The Reliability of Physician Cost Profiling

Technical appendix to accompany paper entitled “Incorporating statistical uncertainty in the use of physiciancost profiles”

INTRODUCTION

This purpose of this technical appendix is to provide more detail about the methods in the manuscript in particular on how we calculated the standard errors of physician cost profiles as well as supplemental analyses on how we compare the two physician categorization systems. Some material that appears in the manuscript is also reported here so that the technical appendix is a self-contained document.

The technical appendix is organized as follows:

Section II provides details on the data sources and inclusion criteria for patients and physicians in the study;
Section III describes the methods used in this study to construct physician cost profiles;
Section IV provides details about how we calculated the standard errors for the physician cost profiles
Section V describes the supplemental analyses where we compare the two physician categorization systems controlling for the fraction of outliers

DATA SOURCES AND CRITERIA FOR INCLUSION OF PATIENTS AND PHYSICIANS

A.Source of Claims Data

We obtained all commercial professional, inpatient, other facility, and pharmaceutical claims in 2004-2005 from four health plans in Massachusetts. Because most physicians contract with multiple health plans, we aggregated data at the physician level across health plans to construct a larger number of observations on each physician than would be possible for a single health plan. The dataset includes claims from managed care, preferred provider organization (PPO), and indemnity product lines. At the time of the study, the four health plans enrolled more than 80% of residents with any type of commerical health insurance in Massachusetts.
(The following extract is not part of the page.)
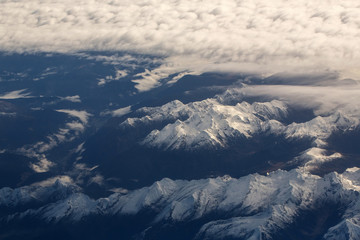 Idyllic snowy mountain peaks under clouds from plane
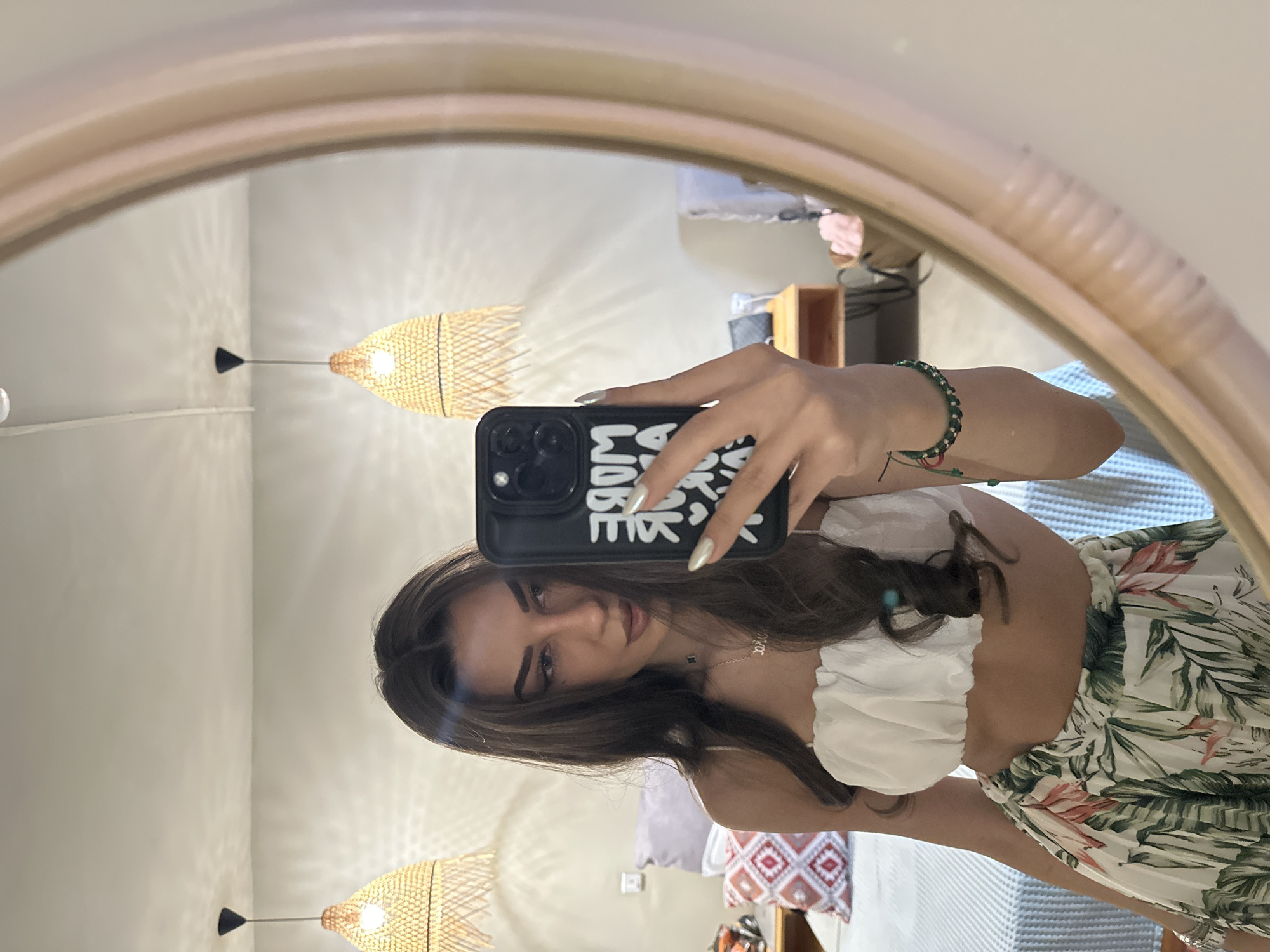A young woman with long, dark hair takes a mirror selfie in what appears to be a hotel room. She is wearing a white crop top and a flowing skirt with a tropical print. In her right hand, she holds a black smartphone with a case that reads "MORE THAN ENOUGH". Her left arm, adorned with a green beaded bracelet, is visible to the left of the phone. The background of the room shows a bed with a blue and white patterned cover, a patterned pillow, and two woven pendant lights hanging from the ceiling. The mirror has a light-colored, textured frame. The overall impression is of a relaxed, holiday setting. The location is identified as Nesebar, Bulgaria.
B. Selecting Patients for Inclusion in the Study Population

Our analyses used all claims for adult enrollees between the ages of 18 and 65 who were continuously enrolled for the two year period (2004-5) and who filed at least one claim. Figure A.1 shows the steps we took to arrive at the final study sample, and the implications of those steps for the final sample size.

We excluded patients over the age of 65, because these patients are eligible for Medicare and the plans could not reliably identify those for whom Medicare was the primary payer. Exclusions of children (<18) and those who were not continuously enrolled were necessary for another aspect of the project that examines the relationship between cost and quality performance. As a result, we included 58% of non-elderly adults in the study.
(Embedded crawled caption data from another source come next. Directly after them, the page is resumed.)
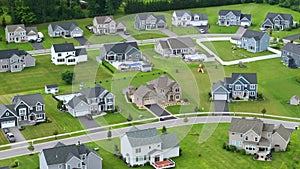Upscale suburban homes with large backyards and green grassy lawns in summer season. Private residential houses in rural
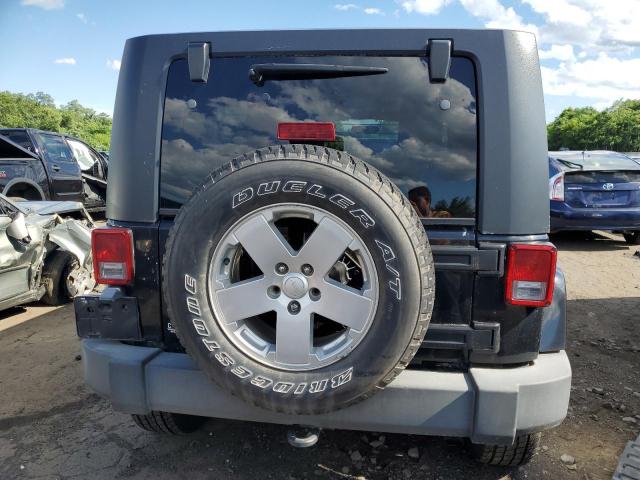2007 Jeep Wrangler Sahara VIN: 1J8GA59197L156608 Lot: 61077084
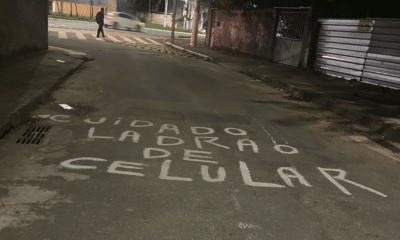 A frase “Cuidado, ladrão de celular” foi escrita no asfalto por moradores para alertar sobre os constantes roubos na região em Vila Velha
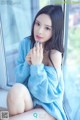 A woman in a blue sweater sitting on a window sill.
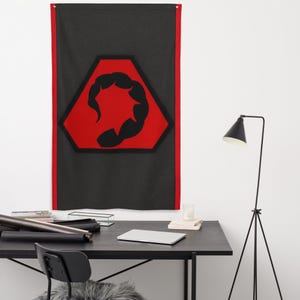 May include: A black wall flag with a red border and a central design. The design features a black scorpion silhouette within a red hexagon, set against a textured black background. The flag is hanging on a white wall.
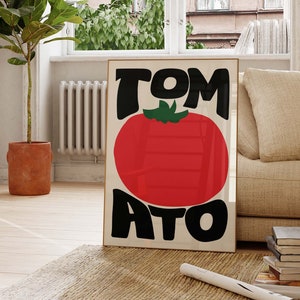 May include: A framed poster featuring a red tomato with the word "TOMATO" written in black.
Figure A.1: Steps in Selecting Patients for Inclusion in Study

C. Physician Database and Selecting Physicians for Inclusion in the Study

Massachusetts Health Quality Partners (MHQP) created a master physician database for the state for the purposes of aggregating data across health plans and for public reporting of quality information. This database includes all physicians who are listed on the provider files of the largest health plans in Massachusetts. For each physician, MHQP creates a master physician ID and links that to the physician identifier used by each of the health plans. MHQP matches physicians across the health plans using unique identifiers (e.g., Massachusetts license number), names, and addresses. MHQP also determines physician specialty using the specialty listed in the health plan provider files. In the final reconciliation, MHQP used the Massachusetts Board of Registration file to verify mismatched license numbers and clinical specialties.

In the master physician database created by MHQP, approximately 20% of physicians had two specialties listed. For this project we assigned each physician to a single specialty using the following logic:

1)In most cases, the combinations were a general specialty (e.g., internal medicine) and a related subspecialty (e.g., cardiology). Because subspecialty costs are typically higher and the main use of specialty in our analyses was to compare each physician’s cost profile to the average of other physicians in the same specialty, we used the subspecialty because that would decrease the likelihood that a physician would be identified as a high cost outlier.

2)If one of the two specialties was a non-direct patient care specialty (e.g., pathology and internal medicine) then we selected the direct patient care specialty (internal medicine).

3)In the very rare cases where there was no clear hierarchy between the two specialties (general surgery vs. pulmonary & critical care) then we selected the first listed specialty (the order had been previously assigned at random by MHQP).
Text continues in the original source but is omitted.